Si ce qu’ils disent, c’est que c’est une sorte de panique morale, je serais peut-être en partie d’accord avec eux. Mais je pense que c’est très réel. Pour s’en convaincre, il suffit de regarder ce qui est arrivé à la professeure Kathleen Stock à l’Université du Sussex: une lesbienne vient de quitter son travail après avoir été menacée physiquement, transformée en sorcière parce qu’elle n’avait pas la bonne opinion sur le genre (elle a été jugée «transphobe», NDLR). Regardez Peter Boghossian à l’Université d’État de Portland, philosophe poussé dehors. Que dites-vous à tous ces gens? Dites-vous qu’ils étaient juste délirants? Il y a littéralement des centaines d’exemples, dont moi chassée du New York Times. Sommes-nous tous des fous délirants?
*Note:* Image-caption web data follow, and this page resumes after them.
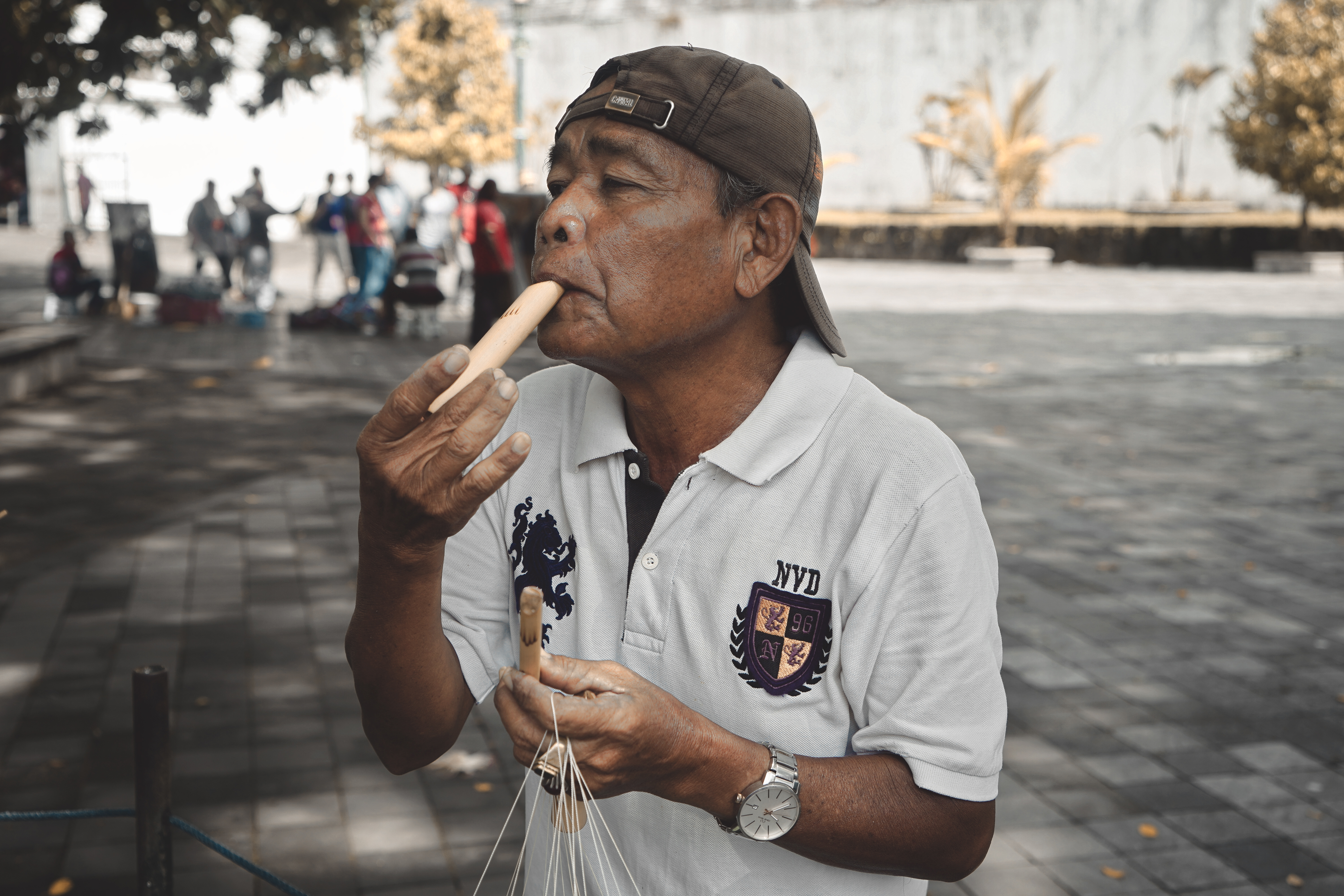 爪哇古国,在停滞的时空里,轻抚岁月刻下的雕文∣印尼日惹带队帖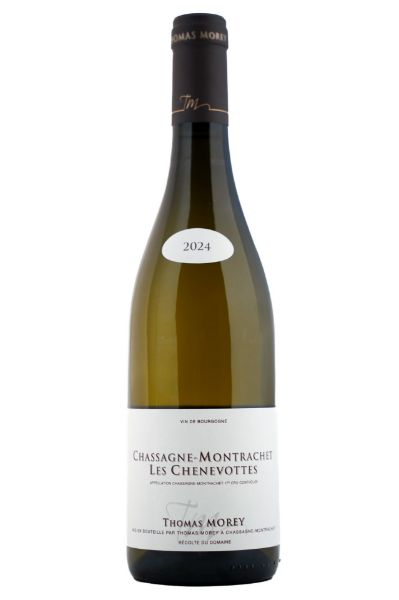 Picture of 2024 Domaine Thomas Morey Chassagne-Montrachet 1er Cru Les Chenevottes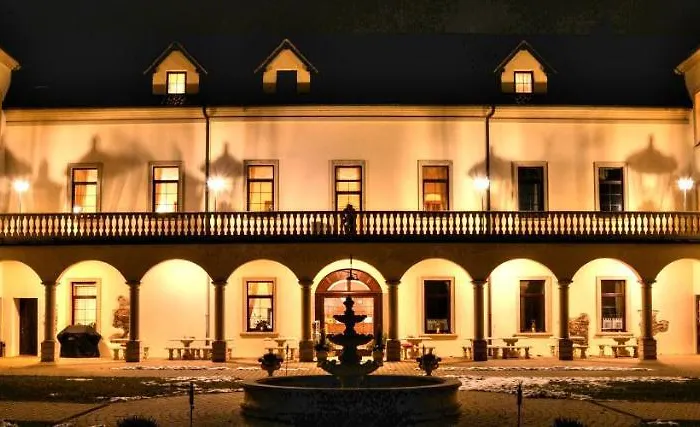 Chateau Kynsperk 4* Kynsperk nad Ohri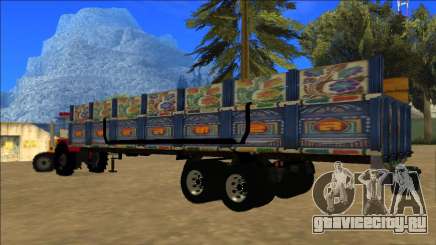 Punjabi trailer by harinder mods для GTA San Andreas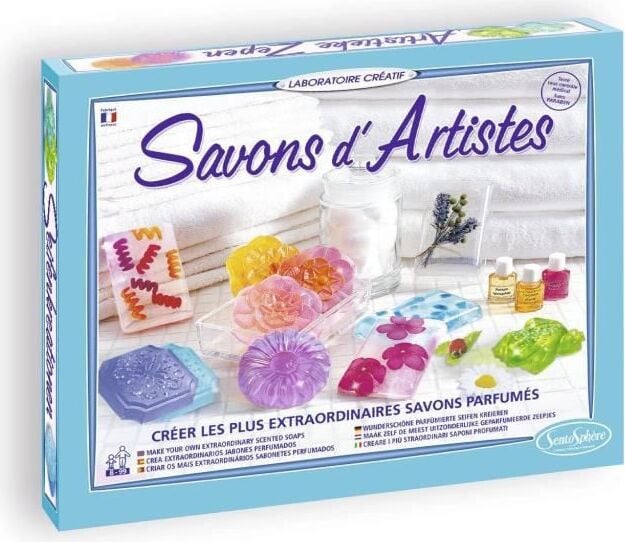 SentoSphere Meerkleurige Kunststof Decoratie 15 stuks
Une partie des électeurs démocrates semblent en avoir assez de ce mouvement, ils l’ont montré par exemple en Virginie en votant républicain pour dire non à l’entrisme de la théorie de la race dans les écoles…

Les électeurs démocrates normaux n’aiment pas le wokisme. Savez-vous de quoi ils se soucient? De l’économie. Des problèmes d’approvisionnement. De l’inflation. De remettre leurs enfants à l’école et d’enlever leurs masques. Le retour de bâton politique du wokisme a un potentiel énorme. Mais on peut aussi penser que le mouvement n’a pas fini de consumer entièrement les institutions élitaires d’où il est parti. Donc le wokisme va continuer à être vaincu dans les urnes. Mais il n’a toujours pas atteint son apogée dans les universités, dans les écoles, dans les journaux et les magazines, dans les revues savantes, dans les entreprises où les gens sont forcés de confesser leurs péchés. C’est-à-dire partout dans l’Amérique institutionnelle.

Et pourtant, c’est tellement éloigné des priorités, comme celle des parents de Virginie qui ont changé cette élection et qui ont dit qu’il est absolument fou qu’alors que les écoles ont été fermées pendant un an, ce qui est le plus important à leur réouverture, c’est de s’assurer que l’idéologie radicale hyper-racialiste s’infiltre dans nos salles de classe. Alors que nous attendons avec impatience les élections de mi-mandats de 2022, nous aurons l’occasion de voir si la Virginie était un signe avant-coureur.

Pensez-vous que Biden résiste au wokisme ou est-il influencé par la nouvelle génération du Parti démocrate?

Je pense que Joe Biden a été élu par des gens qui ne voulaient plus de l’aile du parti qui appelle au définancement de la police. Mais Joe Biden est très visiblement un président faible. Et les vents dominants du Parti démocrate sont dans le dos de personnes comme AOC (Alexandria Ocasio-Cortez, NDLR), Rashida Tlaib, Cori Bush. Et je ne le vois pas avoir la volonté de faire quoi que ce soit pour les arrêter.